Another Denial of Review: Aguiar v. Cintas Corp. No. 2
Class Rep Who Never Had Standing Cannot Use Discovery To Find Substitute Who Does

On Calendar Today: Fireside Bank

The Supreme Court is in session this afternoon in Sacramento, and on the 1:00 p.m. calendar is a case regarding a trial court's ability to make rulings on the merits in a class action which has not been certified: Fireside Bank v. Superior Court (Gonzalez), S139171, H027976; 133 Cal.App.4th 742; Superior Court of Santa Clara County; CV817959. The grant of review framed the issue like this:

Petition for review after the Court of Appeal denied a petition for peremptory writ of mandate. This case includes the following issue: Can a trial court ever depart from the preferred practice of deciding whether to certify a class action before adjudicating any class claims on the merits, or is the rule against such "one-way intervention" in class actions a firm prohibition applicable in all circumstances?

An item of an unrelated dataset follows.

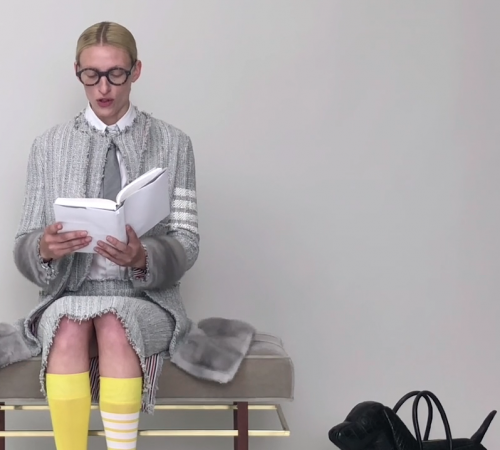 Модель говорит: Все поменялись голосами в специальном модном видео Thom Browne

The "one-way intervention" doctrine was set forth in a pair of cases involving class actions against a bank. Home Sav. & Loan Assn. v. Superior Court (1974) 42 Cal.App.3d 1006, and Home Sav. & Loan Assn. v. Superior Court (1976) 54 Cal.App.3d 208 stand for the proposition that a merits ruling may not be made until after class certification if the defendant objects.

The vice in the procedure followed by the trial court is that it allows so-called "one-way intervention," a procedure under which potential members of the class can reserve their decision to become part of the class until the validity of the cause asserted by the named plaintiffs on behalf of the class has been determined. While one-way intervention has obvious attractions for members of the class on whose behalf an action has been brought in that it creates for them a no-lose situation, for a defendant it holds the terrors of an open-ended lawsuit that cannot be defeated, cannot be settled, and cannot be adjudicated. To him it presents a classic no-win option.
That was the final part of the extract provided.